Dans le domaine des savoirs complexes et abstraits, la vérité a d’autres conditions. Deux conceptions s’opposent :

  • Certains la considèrent comme l’adéquation de la pensée à l’Intellect universel (les idéalités platoniciennes) ou l'Intellect divin (conception scolastique). Les Idées seraient autonomes-immanentes, toujours déjà-là et se dévoileraient par la pensée. La vérité n'a pas d'histoire et s'obtient par accès aux Idées éternelles. Cette définition est métaphysique.
  • D'autres considèrent que la vérité est une adéquation entre la pensée et le Monde obtenue par une démonstration qui se fait sur le plan théorique et s’appuie sur un savoir empirique valide. En ce sens, la vérité est partageable par tout humain possédant les capacités intellectuelles et le savoir suffisants. La philosophie tend vers la Vérité, mais c'est une vérité d'adéquation, jamais une vérité d'autorité, de convention, de croyance ou de norme. C'est une imposture que de prétendre imposer le vrai.

Il existe des cas particuliers. Certaines propositions sont inaccessibles à la vérification, parce que leur sens est flou, paradoxal, ou qu'elles participent d'une dimension fictive ou métaphysique. « L'actuel roi de France est chauve », exemple donné par Bertrand Russell, n’est ni vrai ni faux, car l'actuel roi de France n'existe pas, si bien que l'énoncé ne peut être validé. Il en est de même des croyances religieuses et idéologiques. Les donner pour vraies est une imposture, elles ne sont pas du domaine du vérifiable (voir alètheia).
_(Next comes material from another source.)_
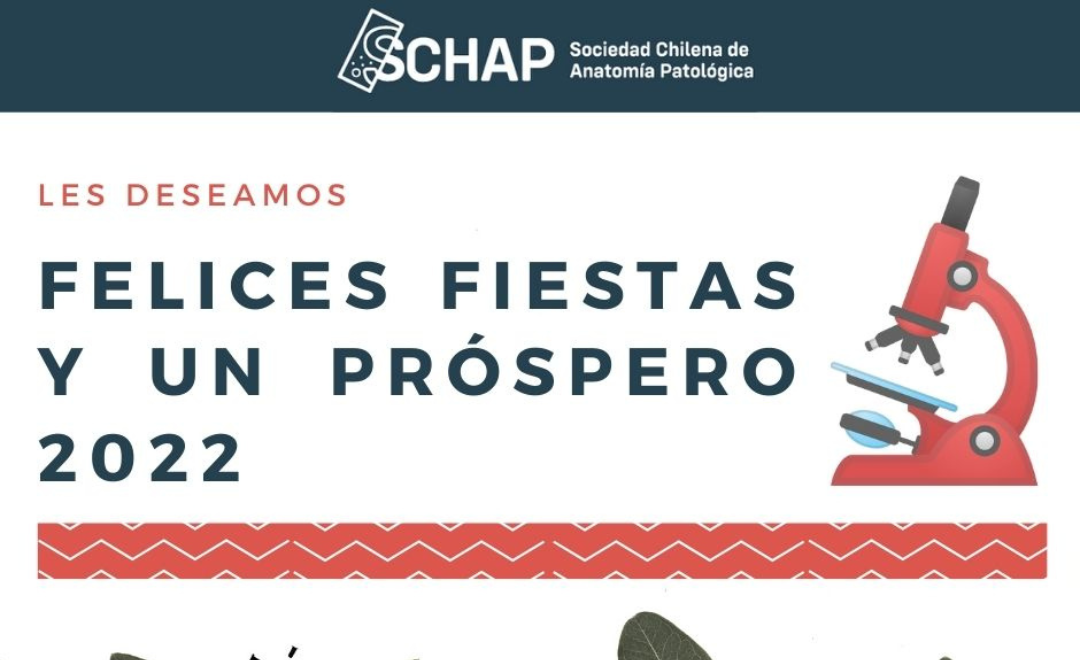 DIRECTIVA SCHAP LES DESEA FELICES FIESTAS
Entrer dans le domaine du vérifiable est crucial pour la science et la philosophie, car une proposition invérifiable peut être remplacée indifféremment par toute autre ; elle rentre dans la catégorie des fictions ou des opinions. Par contraste, la possibilité de sa démonstration rend la proposition partageable par tous (universalisable) et éventuellement contestable, comme fausse ou insuffisante.
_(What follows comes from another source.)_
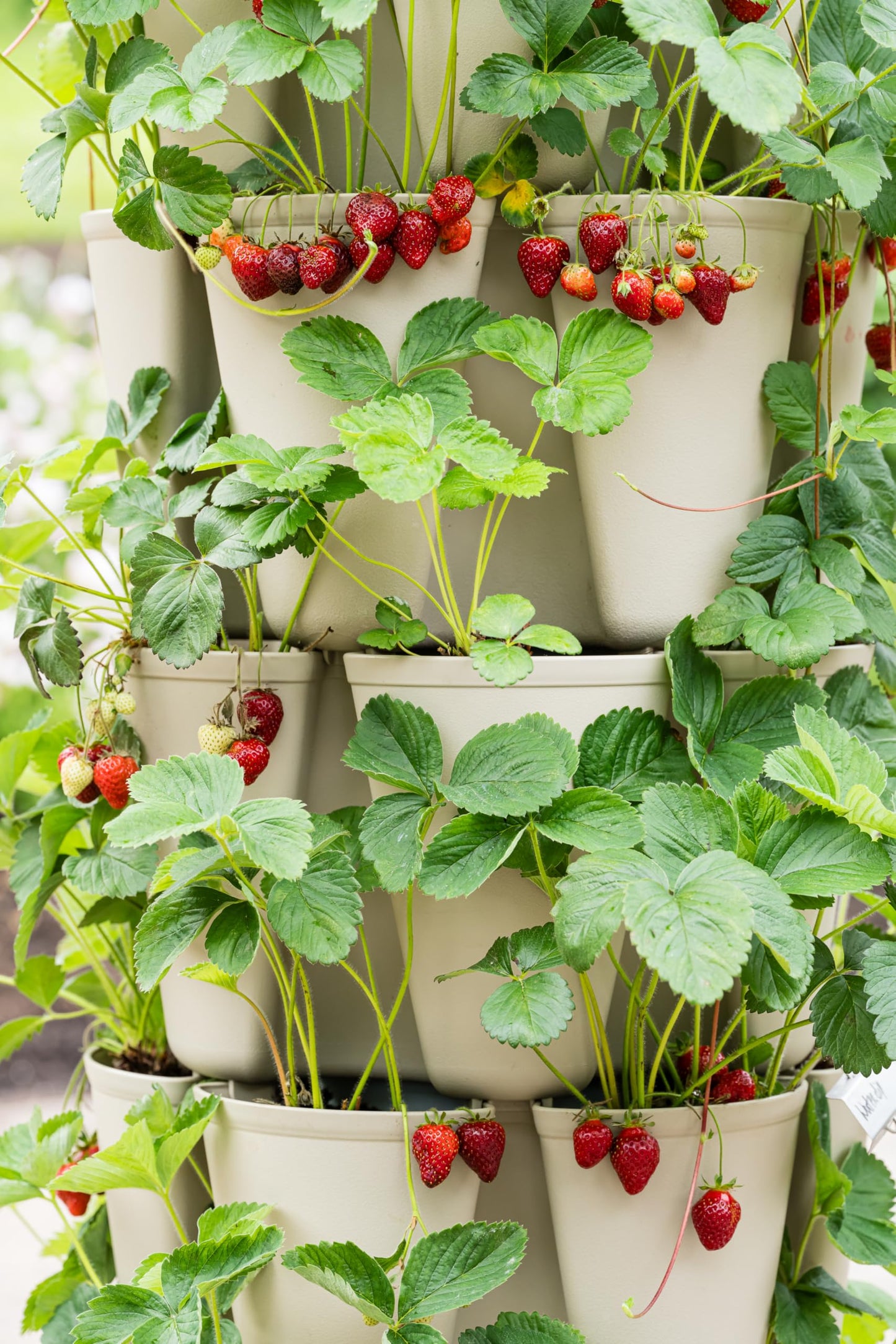 Greenstalk Patented Large 5 Tier Vertical Garden Planter with Patented Internal Watering System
Dans les sciences, la vérité demande des conditions démonstratives strictes : théoriques (rationalité, formalisme), empiriques (utilisation d'une méthode empirique appropriée) et l’inscription du problème dans un paradigme épistémique admissible. Même avec ces conditions drastiques, la relativité eu égard aux possibilités de la connaissance tend à faire parler de vérisimilitude plutôt que de vérité.

La vérité se montre empiriquement, ou se démontre rationnellement, elle ne s’impose, ni ne se révèle, ni ne se dévoile.